A majority of Federal Reserve policymakers now feel they will need to keep ​U.S. short-term borrowing costs on hold all year, projections ⁠due out on Wednesday are expected to show, with a small number seen penciling in a rate hike to stop a spike in inflation from getting entrenched in the economy. The anticipated adjustments to the Fed's so-called ‌dot plot would mark a hawkish shift from where Fed officials were just three months ago. They also present a particularly sticky communications challenge for new Fed Chairman Kevin Warsh, as stronger-than-expected job gains in recent months and inflation on the rise since the start of the Iran war ​have shifted the focus of arguments at the policy-setting table from whether to cut to the possibility of a hike.

President Donald Trump picked Warsh to replace Jerome Powell with the explicit expectation his new Fed chief would lower interest rates. Warsh has offered a couple of ​rationales ​for cutting rates, including what he sees as AI's disinflationary impact, but he has also said he has made no promises and told lawmakers at his confirmation hearing that he does not believe in giving any guidance at all.

Indeed, the biggest question about the Fed's June projections is what Warsh himself will write down — if, indeed, he will write anything at all.

"It could be that Chair Warsh simply decides not to participate as a ⁠means of signaling how little regard he has for this exercise," Regions Bank Chief Economist Richard Moody wrote last week.

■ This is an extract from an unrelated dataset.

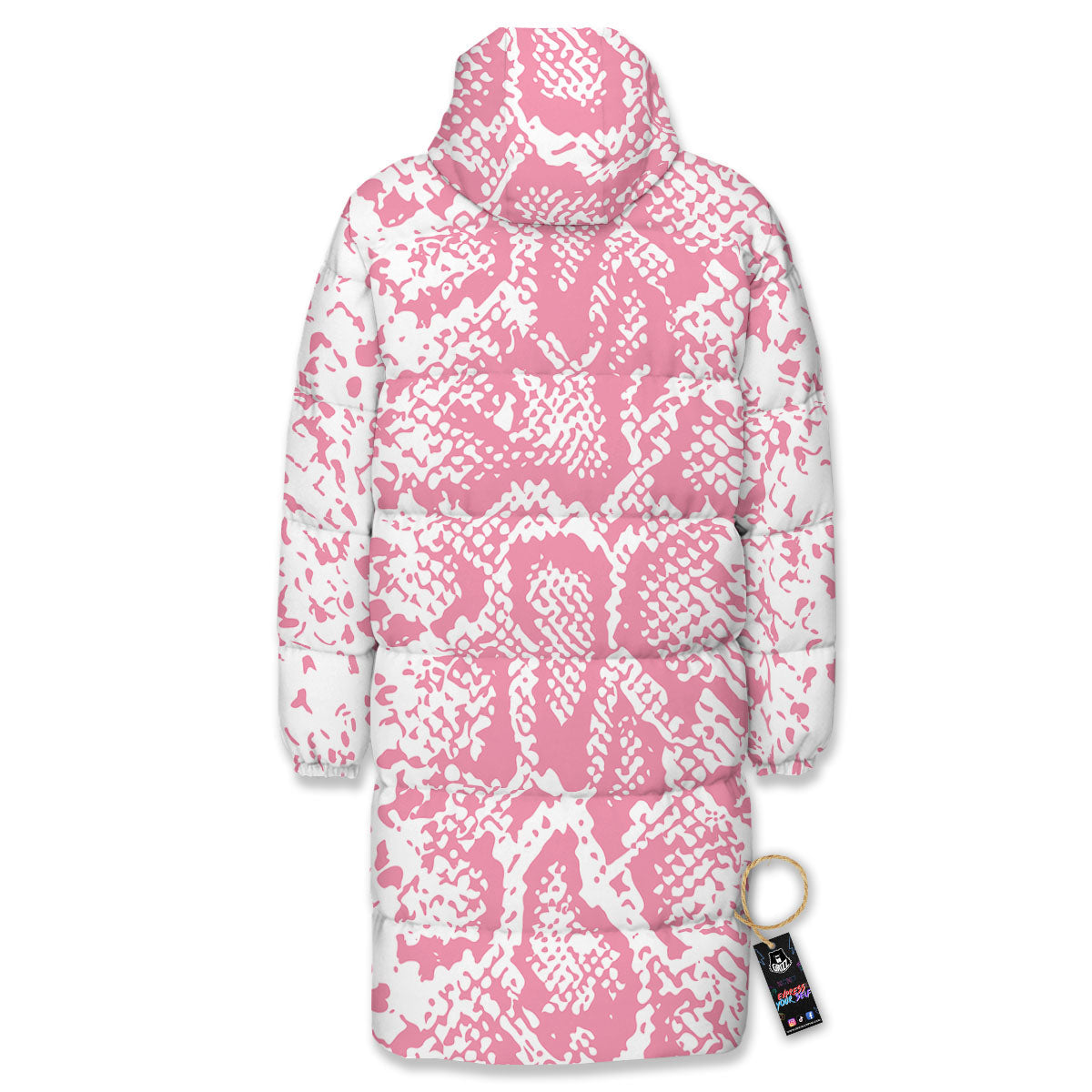 Python Snakeskin Pink Print Long Down Jacket-grizzshop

TD Securities economists expect Warsh to omit his own dot as "a more deliberate way of minimizing any hawkish message that might stem from the June dot plot."

Other analysts expect Warsh to participate, but to launch a review of Fed communications that could spell the eventual end of the dot plot, published quarterly since 2012 and generally regarded as a useful indication of where the Fed's 19 policymakers see interest rates going.

"We expect Warsh will submit his own projections," argued JPMorgan Chief U.S. Economist Michael Feroli. "To not do so would look like a spiteful dissent against his own committee."

It could be that Warsh, in the job for just ​three weeks, simply pleads he needs more time ‌to settle in before participating ⁠in the forecasts. Also, submitting a dot could raise ⁠another risk for him: It might reveal he is not nearly as dovish as Trump would want. Stephen Miran, in his brief run as a Fed governor appointed by Trump last summer, consistently submitted rate projections that were the lowest — by his ​own admission — among all policymakers. With Miran now departed to make room for Warsh on the Fed board, his low forecast will be gone from the plot, and any absence of a ‌comparably low dot in its place would out Warsh as more hawkish.

'WALK A VERY FINE LINE'

In March, most U.S. central bankers thought they would probably ⁠end up cutting rates by the end of the year, either because inflation was receding, the labor market was weakening, or both. Only one policymaker had written down a rate hike, and that was for 2027, not 2026.

On Wednesday, central bankers are expected to leave the policy rate in the 3.50%-3.75% range and to change their post-meeting statement so that it no longer suggests the Fed's next move, when it comes, will be a rate cut. An upward drift in rate-path projections in the dot plot would underscore the committee's new openness to a rate hike, even if most still do not expect it.

"We think the debate within the FOMC is now about whether a long policy hold would suffice to stabilize inflation, or instead raising rates would be necessary," BNP Paribas economists wrote last week.

The Fed will also publish projections for the labor market and inflation that may reflect greater policymaker optimism on jobs and pessimism about prices than they signaled in March, views that would offer some rationale for what's expected to be a changed dot plot.

JPMorgan's Feroli, for instance, predicts Fed policymakers will replace their March forecast for a year-end unemployment rate of 4.4% with a forecast of 4.3%, matching the actual unemployment rate for the past three months. He figures they will also write down year-end core PCE inflation at 2.9%, while other economists expect the figure to top 3%. Either way, it would be up from the 2.7% ‌they expected as of March for this key measure of underlying inflation pressures, though lower than the year-on-year rate of 3.4% that economists now expect ⁠a government report will show for May.

In his run as Fed leader, Powell regularly noted that economic forecasts often prove way off the mark, and ​the Fed's "dots" are neither predictions nor promises. Analysts expect Warsh to emphasize that same view in his post-meeting news conference, even if he tries in other ways to put distance between himself and his predecessor, who continues to serve as a governor. Meanwhile economists polled by Reuters also believe the Fed will likely hold its policy rate steady this year, but just as within the Fed there are a range of views. Economists at PGIM, for instance, say the Fed will need to raise rates three times this year to bring inflation ​under control.

Those at Citibank, noting ‌that oil prices have dropped on recent progress toward ending the Iran war, expect three rate cuts to shore up what they believe will be a weakening labor market.

"Rookie Fed Chair ⁠Warsh and Co will have to walk a very fine line," wrote Evercore ISI's Krishna ​Guha. "Too hawkish, and bets on rate hikes will cascade, sending the equity market lower. Too dovish, and longer-term yields and break-evens will rise, also impacting stocks."